Sabemos también que el sistema de pensiones, de seguir así, está abocado a una inviabilidad, más aún cuando el aumento de pensionistas es incesante y la legítima revalorización de las percepciones, con el IPC positivo, también crece. Y a todo esto hay que sumar el actual escenario laboral del país, donde la temporalidad y la precariedad siguen siendo el talón de Aquiles y los ratios de productividad industrial se encuentran a la baja, con una atípica y vergonzosa subida de costes energéticos y materias primas.

Con estas cartas tiene que jugar el actual Gobierno bipartito, cuya acción parlamentaria se sustenta a base de acuerdos con partidos minoritarios de corte nacionalista cuyas miras son tan cortas como los anteojos de mi abuela.

Así las cosas, al Ejecutivo de Pedro Sánchez le toca hacer encaje de bolillos un día sí y otro también para convencer no sólo a sus teóricos ‘socios’ legislativos, sino especialmente a Bruselas, que sigue insistiendo en la exigencia de urgir a España a aprobar una reforma de las pensiones con el fin de que sean asumibles y sostenibles en el futuro.
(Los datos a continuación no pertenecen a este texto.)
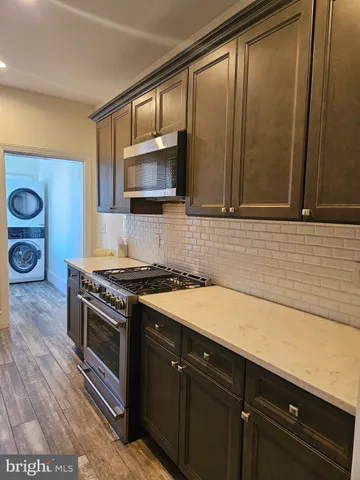 $2,100 | 329 North Easton Road, Glenside, PA 19038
Una moneda que, como tal, tiene su reverso para un Gobierno que, tarde o temprano, tendrá que jugarse su continuidad en las urnas, donde es bien sabida la importancia cuantitativa del voto de los pensionistas.

Difícil equilibrio que se percibe, además, en los continuos vaivenes que tanto el ministro José Luis Escrivá como el propio grueso del Gobierno están escenificando ante la opinión pública con el supuesto ánimo de contentar a unos y otros.

La actual reforma, aún a medio hacer, ha tocado solamente los coeficientes correctores de la anticipación de la pensión, el cheque anticipo y poco más. Pero, en cambio, no ha entrado en harina, en la profundidad de una transformación que permita a su vez el alivio de las arcas públicas.

En este tobogán de sube y baja con el que desayunamos últimamente, protagonizado por el Ejecutivo central y su ministro, figura el ofrecimiento a Europa de un nuevo ajuste de las pensiones a cambio de los fondos de la UE, ampliando para ello a finales de 2022 el cálculo de las prestaciones de los 25 años hasta los 35, una estimación que podría suponer un ahorro del 6,3%.

Y aunque el ministro Escrivá y la ministra Nadia Calviño han salido al quite, con el argumento de que lo firmado con la UE es “una síntesis” y que sólo subirían los años de cálculo de la pensión a “algunas personas”, lo cierto es que la inquietud entre la población ha subido como la espuma por enésima vez.

Y la cosa no es para menos, cuando las negociaciones se producen en medio del oscurantismo y la improvisación, tratándose, como es, de un asunto que afecta al bienestar de millones de ciudadanos.

Se comprende la presión de Europa, pero de una vez por todas, los gobiernos, tienen que coger el toro por los cuernos y garantizar este derecho desde el rigor y la sostenibilidad que requiere el sistema de pensiones. Ahí se demostrará o no la política de Estado que tantas veces echamos de menos entre nuestros gobernantes.